I needed a fast communication between Arduino board and my laptop while working on my first Arduino project. I was monitoring an analog input, the reading on a Hall effect sensor, and some other variables that my Arduino program was using, and that all at a high frequency, 10 kHz. That was producing around 50 kB/s of data that I had to push through the serial connection. I accomplished this finally by modifying the wiring_serial.c file in the Arduino library.
You can dowload the modified here.(See below) See the instructions on how to use the file below.
I first started interfacing Arduino from Java, but soon ran into the problem with standard vs. nonstandard baud rates. The standard baud rates 57600 baud or 115200 baud are not good for the Arduino clock, 16MHz. While 57600 is quite reliable, there are many errors in the data stream from PC to Arduino at 115200. And 57600 was just too slow for my purposes. The solution would be using the baud rates that can be derived from the 16MHz clock using the formula
baud = 16,000,000/(16 * n);
where n = 0, 1, … is an integer. So I thought I would use 250, 500 or 1000 kilobaud. I was relieved when I found that the FT232RL chip, the USB/serial interface for the Arduino board, supports all of these. The RXTX Java library, however, does not support nonstandard baud rates. Since this is the only Java serial library for Windows I know of, I had to move on and use a different tool.
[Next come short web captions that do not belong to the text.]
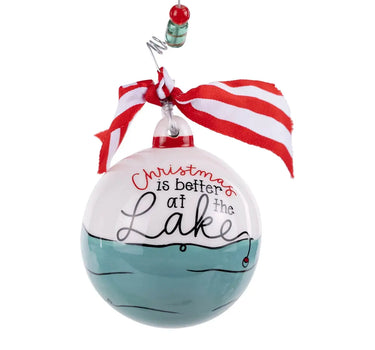 Glory Haus Boat & Presents Ornament, 6-inch round lake scene Christmas ornament with red ribbon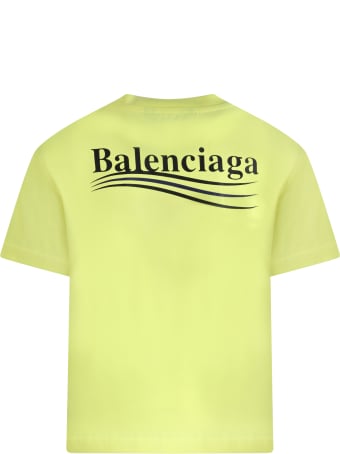 Balenciaga Neon Yellow T-shirt For Kids With Logo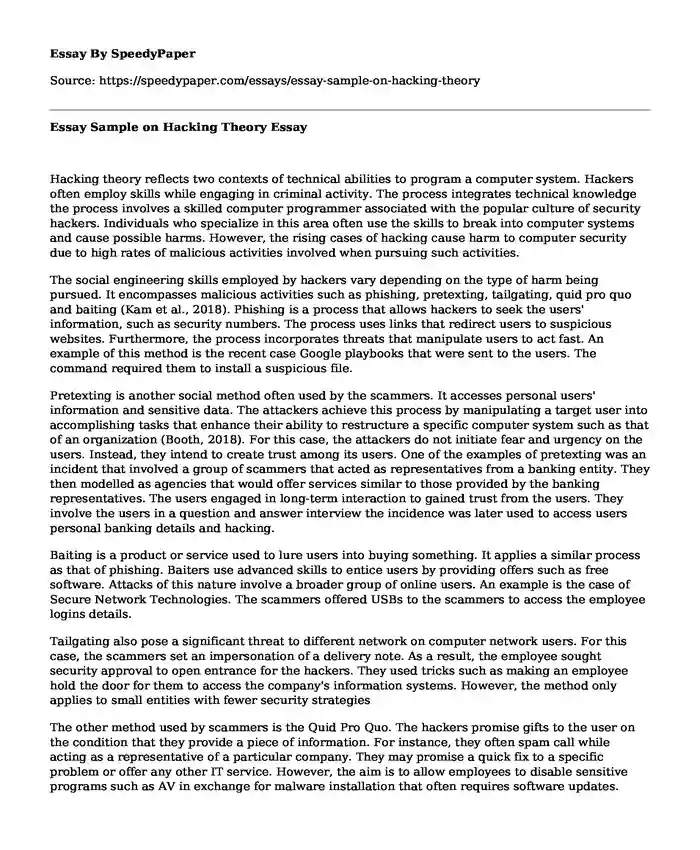 Essay Sample on Hacking Theory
Mathematica 6 with the new dynamic functionality and the handy NETLink package was the perfect alternative. Also the built-in plotting functions came in handy.
Soon I had a 1 Mbaud link up and running. Everything worked fine when sending data from Arduino to PC. But bytes were missed and dropped when sending even short commands to Arduino. I thought that it was the limitation of ATmega168 microcontroller that was not capable of processing the incoming bytes. But looking at the Serial library, the file wiring_serial.c, I found that the library was simply not optimized.
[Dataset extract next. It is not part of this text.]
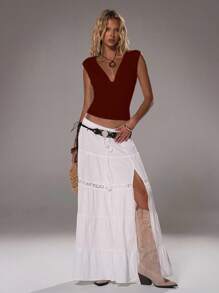 TRNVIE 女士深V领紧身休闲百搭上衣，春夏款 - 咖啡棕 - 查看 5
The biggest problem was the use of division in the interrupt routine that reads bytes from the USART controller and stores them into a buffer. Since the ATmega168 doesn’t have an instruction for division, the division takes around 200 clock cycles. That makes the whole routine run for around 15μs (microseconds). But with 1Mbaud serial communication, there is only 10μs to process one byte. With the help of westfw on the Arduino forum, we found that there is a simple fix for this.
The library uses a ring buffer that is defined in the wiring_serial.c file as
#define RX_BUFFER_SIZE 128 unsigned char rx_buffer[RX_BUFFER_SIZE]; int rx_buffer_head = 0; int rx_buffer_tail = 0;
The head and tail locations of the first and the last byte of the data in the buffer. When the data is inserted or removed, the head or tail is incremented, respectively. To make sure that they wrap around and stay in the range 0 to RX_BUFFER_SIZE, the following code is used
rx_buffer_tail = (rx_buffer_tail + 1) % RX_BUFFER_SIZE;
The problem is that % gets compiled as the modulo operation, instead of the much faster bitwise and, & 127. The difference is around 200 clock cycles, or some 13μs, compared to 1 cycle. Also, int is not necessary since I don’t expect anyone use buffer sizes above 256 when there’s only 1kB of SRAM on ATmega168. The solution has two steps:
- define the variables as unsigned char
unsigned char rx_buffer_head = 0; unsigned char rx_buffer_tail = 0;
- use the following code to wrap the values
rx_buffer_tail = rx_buffer_tail + 1; rx_buffer_tail %= RX_BUFFER_SIZE;
Modifying all places with the % operation in the wiring_serial.c file results in a much improved function. I did some tests and found:
- An empty sketch (empty setup() and loop()) with the standard library takes 976 bytes. With the optimization it is only 852 bytes. That’s a difference 124 bytes for everybody, no matter if they’re using Serial. (The reason for that is the interrupt routine that is always linked). Also the other functions in Serial are somewhat shorter.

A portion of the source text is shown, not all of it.